# Series that left a hole in you once finished them



## Spotted_Tiger (Sep 25, 2012)

We all watch those series from time to time that leave an impact on you and it feels like a part of you is missing once you finish it.

Those series for me have been Angel Beats, Gurren Lagann, Cowboy Bebop, Dragon Ball Z, Avatar and Arrested Development.

Apologies for the weabooness.


----------



## Zenia (Sep 25, 2012)

I have to say that it would be my two favorite (ended) series, Buffy and Xena. Although they ended well, I still miss watching them.


----------



## Caedman (Sep 25, 2012)

Terra Nova... yeah, it was a tired storyline before it really got started, but some of the episodes were excellent.
The Dresden Files: I loved this show!
Firefly: Beating a dead horse...


----------



## mrfoxwily (Sep 25, 2012)

The star fox game series, since you never said I couldn't. :3


----------



## Ames (Sep 25, 2012)

Samurai Champloo.  There will never be anything quite like that amalgamation of traditional and pop japanese culture ever again...

[video=youtube;4OuRajFzMYI]http://www.youtube.com/watch?v=4OuRajFzMYI[/video]


----------



## Zydrate Junkie (Sep 25, 2012)

The Black Adder series. The end of the fourth one was so sad


----------



## Twylyght (Sep 25, 2012)

Farscape, Babylon 5, Gargoyles, Pirates of Dark Water, and Angel.  The way they all ended left me feeling like there should have been more.  In one case, there was more...but the show got cancelled before it could finish.


----------



## Heliophobic (Sep 25, 2012)

Supernatural in a way. Both of my parents are fans of the show, so I've seen bits and pieces. Even full episodes.

Once I started watching it, the plots seemed much shorter than they were before. Feels bard, mon.



mrfoxwily said:


> The star fox game series, since you never said I couldn't. :3



http://static2.fjcdn.com/comments/quot+where+do+you+think+we+are+quot+_1174794f8610b1f34358ebf3e0d3197b.jpg


----------



## Sutekh_the_Destroyer (Sep 25, 2012)

The cancellation of the original series of Doctor Who.

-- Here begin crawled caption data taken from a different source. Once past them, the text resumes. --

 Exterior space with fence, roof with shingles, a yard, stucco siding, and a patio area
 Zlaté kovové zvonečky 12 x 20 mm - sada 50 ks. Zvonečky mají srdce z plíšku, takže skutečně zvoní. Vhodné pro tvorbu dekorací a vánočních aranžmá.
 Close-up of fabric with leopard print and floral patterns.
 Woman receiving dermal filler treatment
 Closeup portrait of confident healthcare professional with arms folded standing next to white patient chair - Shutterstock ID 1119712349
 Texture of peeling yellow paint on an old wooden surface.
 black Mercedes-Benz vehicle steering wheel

It's a shame it got cancelled because just before it was it was starting to become really good again.


----------



## Teal (Sep 25, 2012)

Not exactly the same thing but every time I finish a game in the Zelda or Kingdom Hearts series I feel empty inside.

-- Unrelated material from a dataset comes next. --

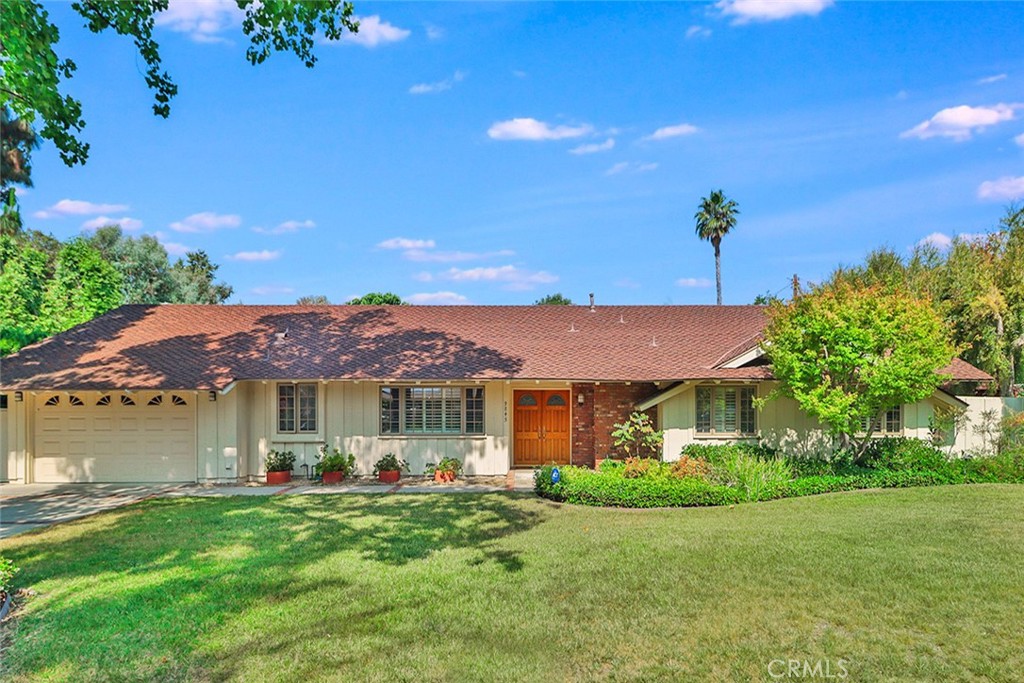 Great New Price**You will love this single story ranch home with 2 car garage, 5 Bedrooms, 3 Bathrooms, 2,360 Sq.Ft. of living space, on a 12,304 Sq.Ft. Lot. Fabulous home with double door entry that leads you into the foyer with custom African slate tile. Updated kitchen with recessed lighting, window shutters, tile flooring, granite countertops and large center island, plus custom built-ins in the kitchen and breakfast area for extra storage and glass cabinets with additional lighting! Appliances include: KitchenAid dishwasher, Built-in Sharp microwave, Miele 5 burner gas stovetop, double ovens, Sub-zero refrigerator and freezer. Living room is light and bright and perfect for entertaining with a custom fireplace, additional overhead lighting, and is open to the large formal dining room with a sliding glass door to the backyard. Fifth bedroom (with ¾ bathroom) also has a sliding glass door to the backyard; could be used as a bedroom or a den. Four more bedrooms on the other side of the house. The primary bedroom is large with sliders to the backyard, plantation shutters, walk-in closet, and Ensuite bathroom with 2 sinks, step down tub/shower with view to the outside blending the indoor facilities with the beauty and serenity of nature. All bedrooms of good size. Full hallway bathroom with tub and shower. Backyard featuring a really nice outside patio with overhang, lush mature landscaping, large grass area, and concrete side yard. Located in the Granada Hills Charter High School district.
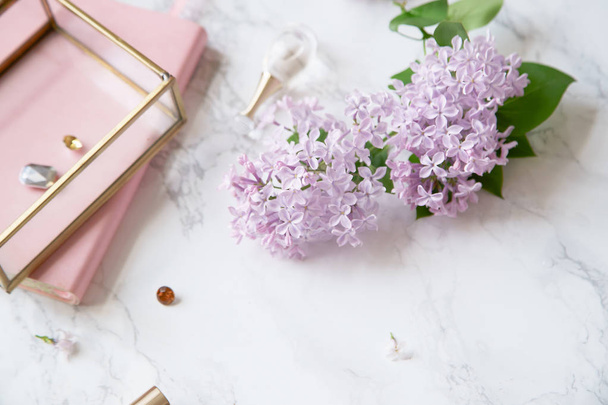 feminine workspace mock-up with lilac flowers and pink accessories on marble background - Fotó, kép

Also do not play on the 3DS for six hours non-stop, with the 3D on full blast. Trust me.


----------



## HipsterCoyote (Sep 25, 2012)

Dr. Who transition from David Tennant to Matt Smith.  The grandfather and Donna left a horrible hole in me D:. 

When I watch Anastasia (21st Century Fox) and also The Princess and the Frog (Disney) I find myself crying over the animation industry.

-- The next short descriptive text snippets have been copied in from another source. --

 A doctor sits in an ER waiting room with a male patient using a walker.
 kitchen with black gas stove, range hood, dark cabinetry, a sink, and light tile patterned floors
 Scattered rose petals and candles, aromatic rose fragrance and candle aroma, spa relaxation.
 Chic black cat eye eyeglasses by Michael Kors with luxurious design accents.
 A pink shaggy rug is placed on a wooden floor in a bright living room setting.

I know somebody who still gets super emotional about Madoka.


----------



## Teal (Sep 25, 2012)

I remember when I finished Code Lyoko. I had to watch the last episodes in french online because cartoonnetwork never aired the last episodes. Watched it all again on netflix. Such nostalgia. :3

And now I'm thrilled about season 5 :3 (Even though it has live action >_>)


----------



## Pingu (Sep 26, 2012)

Mine were 2 Aussie Shows that ran for a couple of seasons:

Rescue Special Ops 

and

Sea Patrol


----------



## dinosaurdammit (Sep 26, 2012)

monster rancher :C
wolves rain
angelic layer
witch hunter robin


dem feels man dem feels


----------



## Schwimmwagen (Sep 26, 2012)

Zydrate Junkie said:


> The Black Adder series. The end of the fourth one was so sad



Oh god, yes. :[ I almost did a bawww. Every time I watch through the Blackadder series I always _don't_ watch that episode. Also they rolled around the idea for a 5th series with the cast as some 60s rock band called The Blackadder Five. They didn't do it. Then I bawwed.

Also, _Bottom_. Stupidest show I've ever watched (in that good way) but the ending was not expected. :[

One of my fave shows ever left a mark on me when I finished it, but a good one. Roots. c:


----------



## Dreaming (Sep 26, 2012)

Xiolin Showdown, I was so unbelievably pissed when it ended.


----------



## Teal (Sep 26, 2012)

Dreaming said:


> Xiolin Showdown, I was so unbelievably pissed when it ended.


 I loved that show.
They're bring it back you know. In 2013 as Xiolin Chronicles.


----------